Electioneering in the Lowveld (1929)

Posted on November 25, 2014 by Cape Rebel

From No Outspan
by Deneys Reitz 

The Low Country, with its mountains and its rivers and its jungles, is beautiful and picturesque, but it makes for difficult electioneering. Nature has divided it into so many watertight compartments that I had to travel on horseback and on foot – to secluded valleys, isolated mining camps and distant forestry settlements. I ranged from the heights of Kamshlobaan, overlooking the Swaziland plains, to Komatipoort on the Portuguese border, and from up along the slopes of the Drakensberg to Tzaneen in the far north. I visited squatters and farmers on their ranches, and small communities tucked away between the rivers. There were up-to-date fruit-growing centres, and there were scattered groups hidden in the folds of the Berg, who still lived and thought in terms of the old republican days of thirty years before. It was strenuous work, carried out in addition to my activities in other parts of the country.

I found that my membership of the Parks Board was a liability rather than an asset.

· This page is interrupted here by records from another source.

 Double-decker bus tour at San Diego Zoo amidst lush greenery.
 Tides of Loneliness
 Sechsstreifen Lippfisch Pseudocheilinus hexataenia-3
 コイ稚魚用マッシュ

Once, while I was addressing a gathering under a tree on one of the banks of the Crocodile River, an old Boer farmer rose to complain that hippo from the Kruger Park had raided his farm the night before, and had consumed £200 worth of his tomatoes. He said if I did not take better care of the animals in my charge, he and his neighbours would vote against me.

On another occasion, just as I was getting into my stride, a herd-boy rushed up to say that a crocodile had pulled his master’s bull into the water; and here again, the blame fell squarely on my shoulders.

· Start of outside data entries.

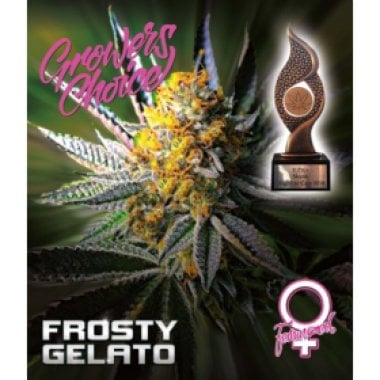 Frosty  Gelato  Feminised  Cannabis  Seeds 0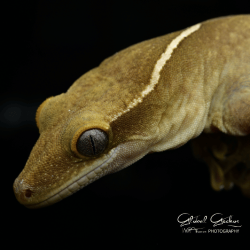 Sarasin's Giant Gecko (White Spot, White Collar) 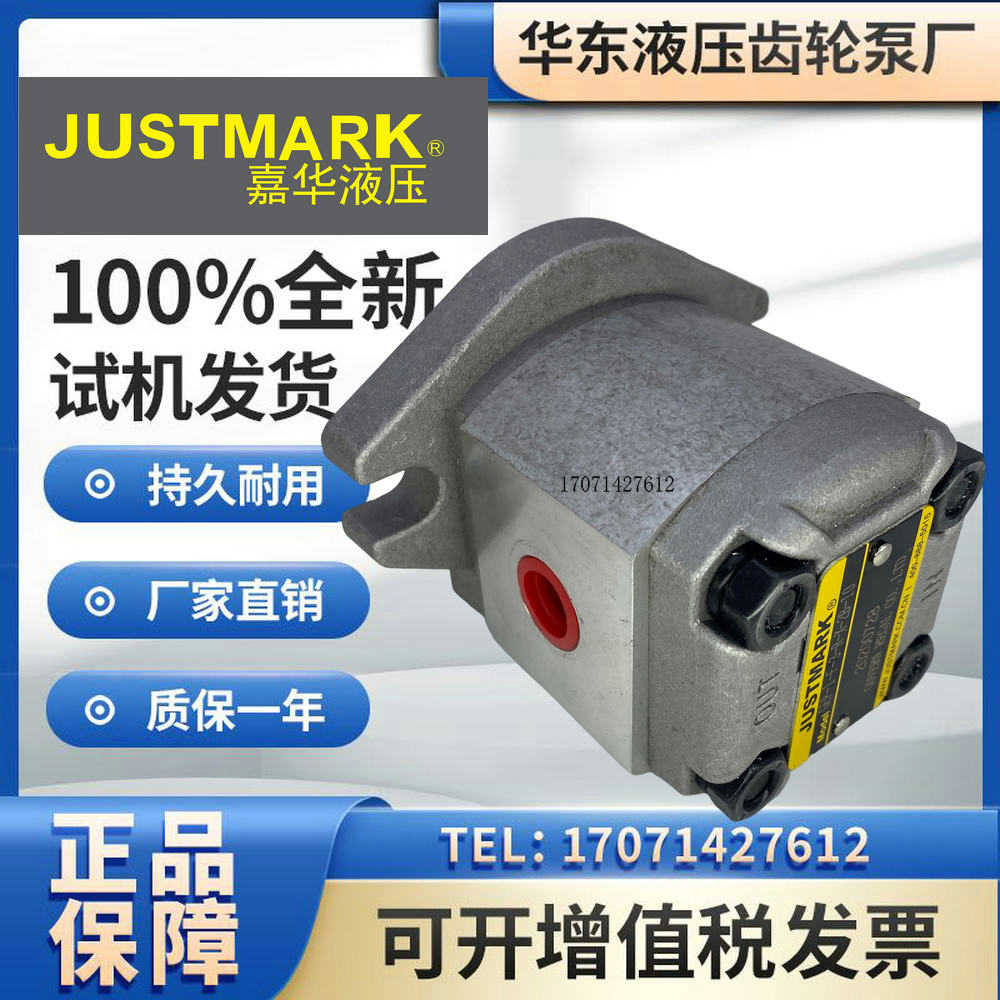 台湾嘉华JUSTMARK齿轮泵P-1-F-3-R-X-2B-10高压油泵P-1-F-6-R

A few days later, I was travelling in a small open car with the secretary of our party. The road was a mere track with grass standing high between the ruts. Suddenly we bumped into a full-grown lion that must have been lying asleep in front of us. He leaped aside with an angry snarl, and it looked as if he meant to come at us. The engine stalled; and for a moment we faced an ugly situation, for we carried no arms. Then my companion got the two-seater started, and we moved off.

I was due to address a meeting in the Barberton town hall that evening, and I made full use of that lion. ‘Ladies and gentlemen,’ I said, ‘the election is going well, but this morning we had our first setback.’ The audience pricked up at this, and I proceeded to tell the story of our collision. I added that as I knew that the lion was not on the voters’ roll, we had not stopped to argue with him. The story went well, and I got a motion of full confidence.

Up in the mountains are Boer colonies, settled there for nearly a century. To these Boers, time had stopped at the end of the Anglo-Boer War in 1902. The Great War had reached them as but a distant echo from the outside world, and their politics still hinged on the forgotten controversies of the past. A man who had surrendered to the British columns in 1900 was an outcast, and only those who had fought right up to the end were held in respect.

I clambered up to meet a number of these sturdy mountaineers, bigoted and primitive, but fine and brave and obstinate. As I began to speak, a weather-beaten old veteran rose and, turning to the rest, said in Afrikaans: ‘Before allowing the candidate to proceed, we want to know where he was in the last war.’ I was about to reply that I had served in East Africa and in France, when he supplemented his question as follows: ‘What I mean is, did he serve with General Botha or in the Free State with General De Wet?’ I answered that I had served under them both, right up to the end.

I think I got most of their votes.

By the time polling day arrived, I was a physical wreck; but I was the Member of Parliament for the Low Country.